Introduce a small _RERANKER_PROVIDERS map ("ollama" -> _build_ollama_reranker, "none" -> _PassthroughReranker) inside graphiti_adapter.py, with the actual class still living in a separate ollama_reranker.py.

  • Trade-offs:
    • Adding a future provider (e.g. sentence_transformers) is a one-line registry change.
    • Keeps reranker class out of the adapter.
    • Slight over-engineering for two providers (ollama + none); ticket #39 explicitly scopes only the Ollama path.

4. Implementation Complexity & Risk

  • Effort: S (13 days)
    • One new class (~80120 lines), four new config attrs (~10 lines), one factory branch (~10 lines), three doc updates (~30 lines). No schema or API changes.
  • Risk: Low
    • Established patterns (config, OpenAI SDK, logger).
    • _PassthroughReranker is preserved exactly for the none fallback, so the worst-case behavior is identical to today.
    • The graceful-failure path (R5) requires care, but the existing _GraphNamespace.search exception handling already insulates HTTP callers from reranker errors.

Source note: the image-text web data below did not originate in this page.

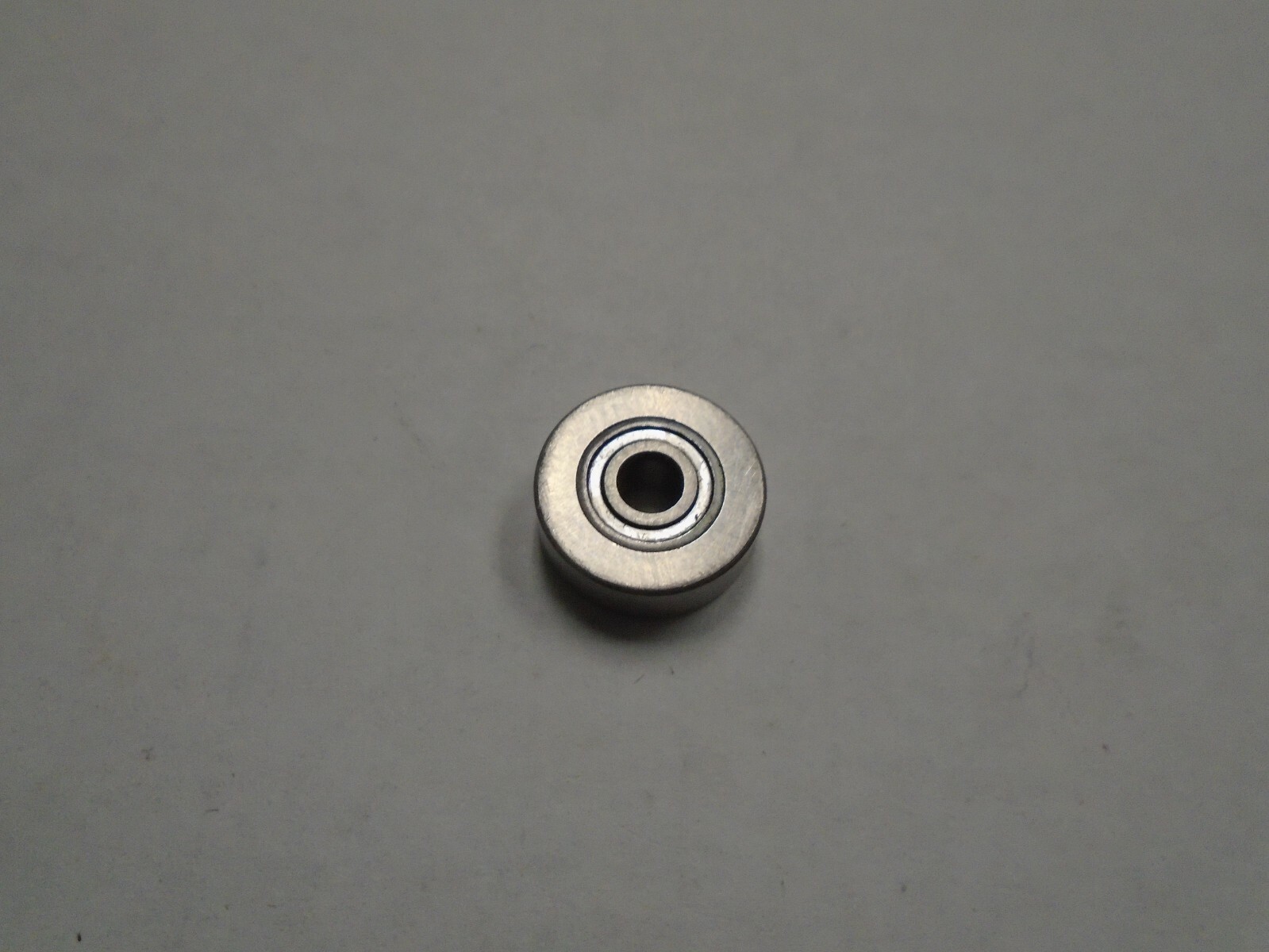 DELCO NEW DEPARTURE #77R2A METAL SHEILD BEARING 9/64″X1/2″X11/64″ A661
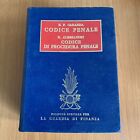 Codice Penale e di procedura Edizione per Guardia finanza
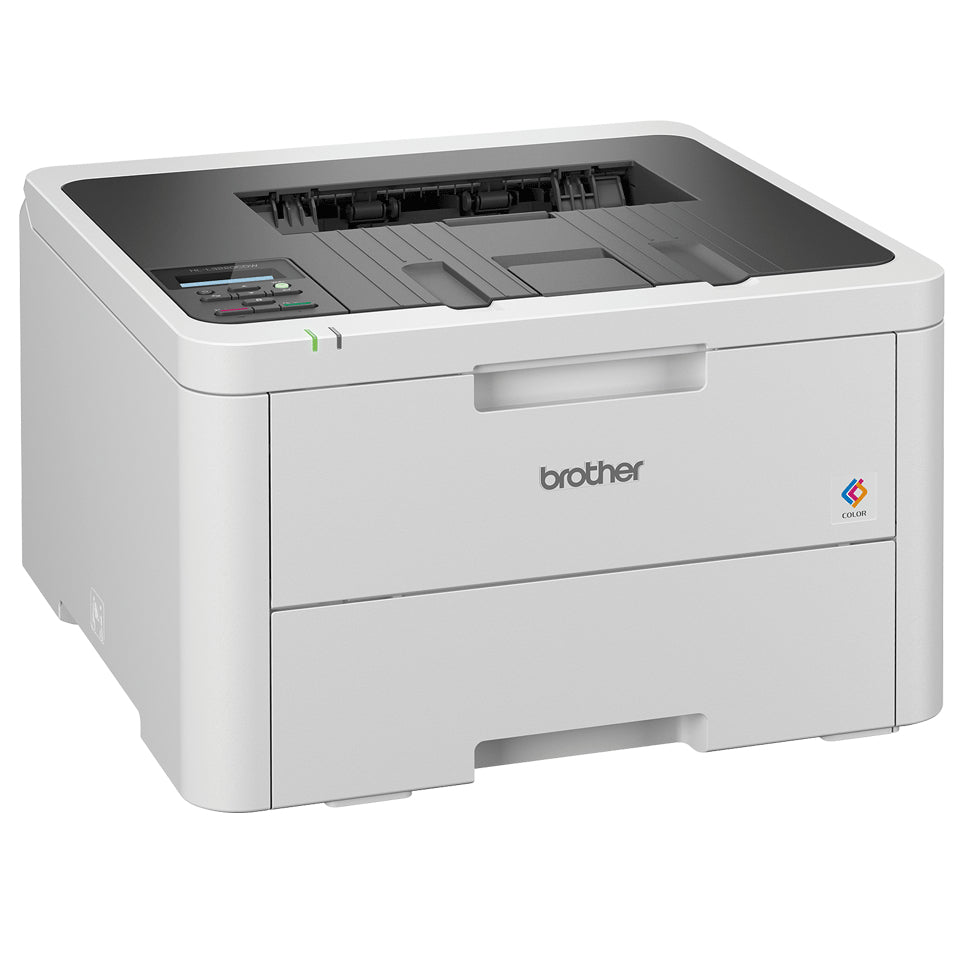Brother HL-L3220CW – Farbe, A4, WLAN, USB, 18 ppm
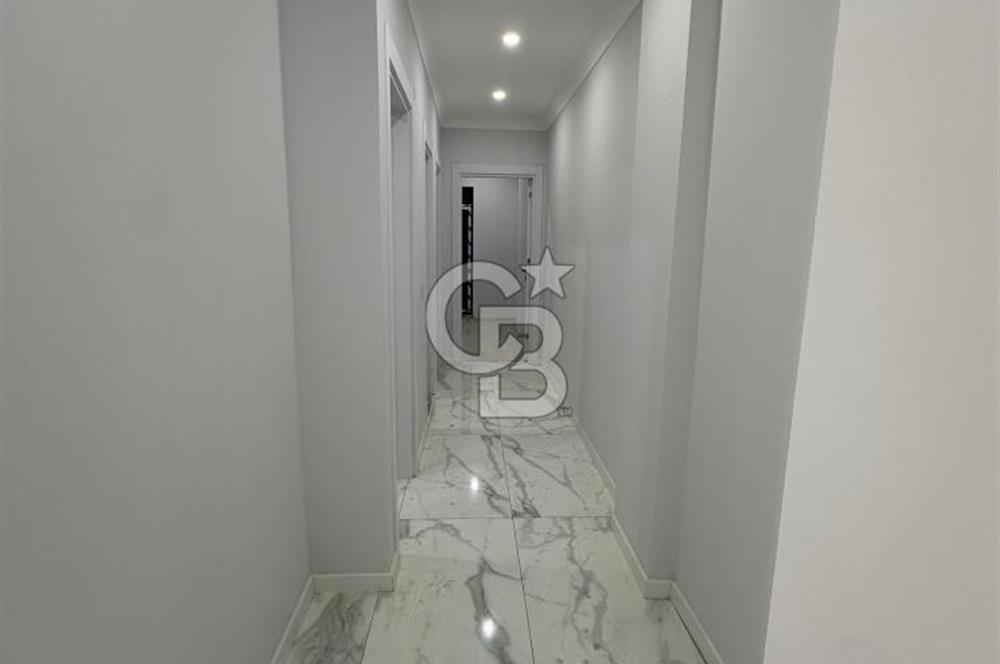 CB AKADEMİ İZMİT ŞİRİNTEPE SATILIK SIFIR 3+1 ÇATI DUBLEKS DAİRE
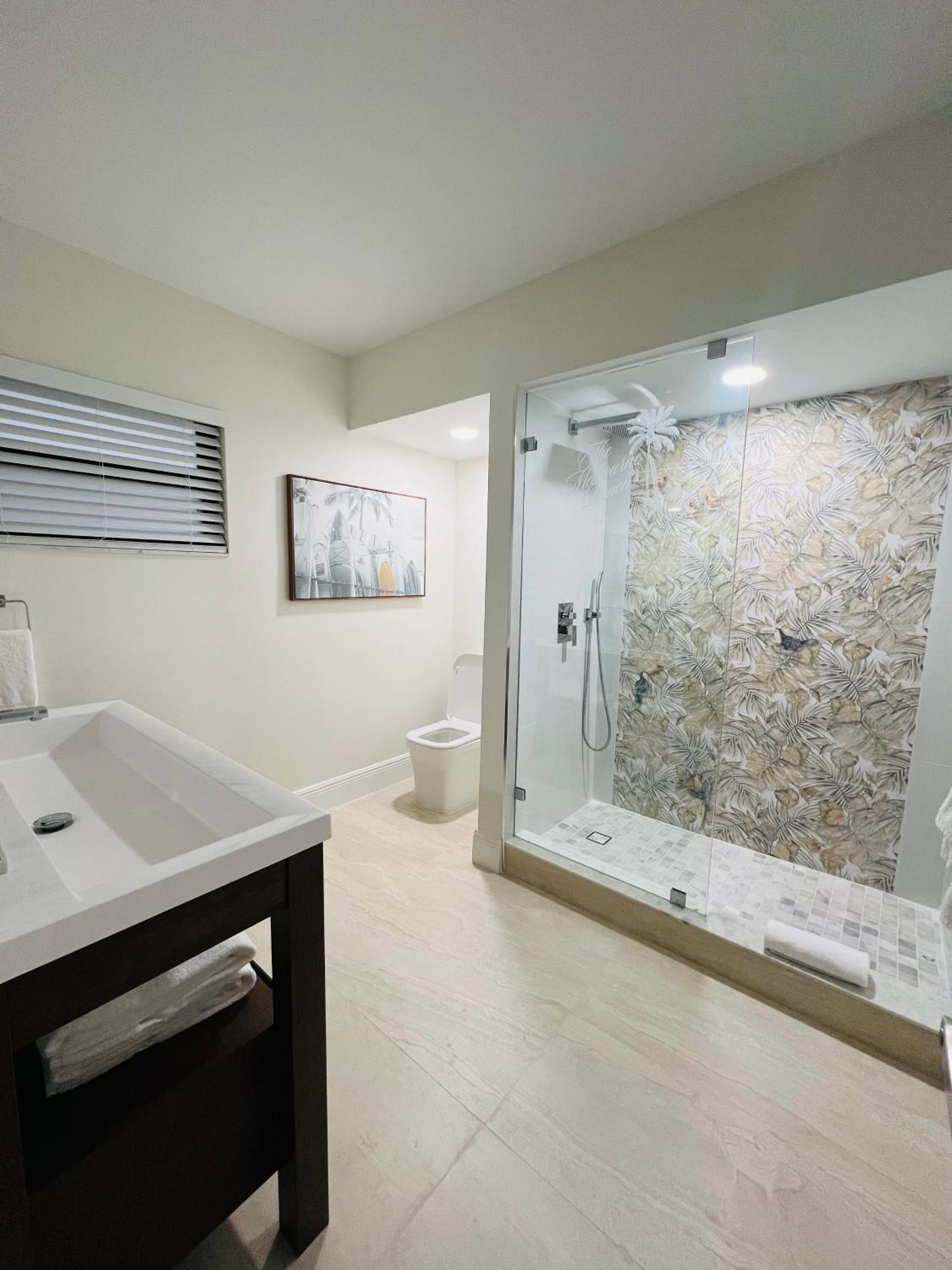Melbourne Beach Resort Экстерьер фото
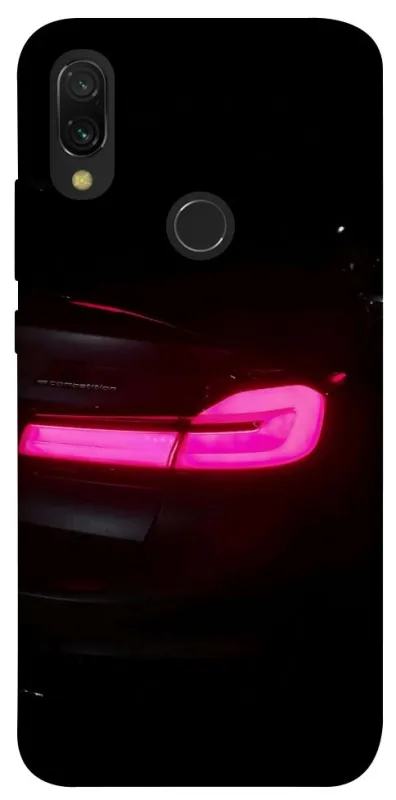 Чехол на Xiaomi Redmi 7 BMW v46 фото 1 из 1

5. Recommendations for Design Phase

  • Preferred approach: Option B (separate ollama_reranker.py module). Best alignment with #39's "implement in backend/app/services/", keeps graphiti_adapter.py focused on Graphiti wiring, and matches the project's "one concern per module" pattern in services/.
  • Key decisions to lock in design:
    1. Default RERANKER_MODEL value (recommend qwen2.5:3b — small, broadly available on Ollama, reliable at structured short outputs).
    2. Per-passage scoring strategy with asyncio.gather parallelism (simpler, deterministic).
    3. Prompt + parse format: ask for JSON {"score": <0.0..1.0>}, strip fences, regex-fallback to first float.
    4. Failure mode for a single passage: assign deterministic low score (e.g. 0.0 - 0.001 * i) so passage still appears once.
    5. Failure mode for whole rank() call: log warning, return original-order tuples with passthrough scores (no exception bubbles up).
    6. Update .kiro/specs/graphiti-neo4j-finalize/research.md "follow-up" note to point at this spec (R6.4).
  • Research items carried forward:
    • Confirm qwen2.5:3b produces stable JSON scores in benchmark prompts (or pick alternative).
    • Decide whether to expose RERANKER_MAX_PARALLEL for concurrency limit (default len(passages) — likely small, ≤10).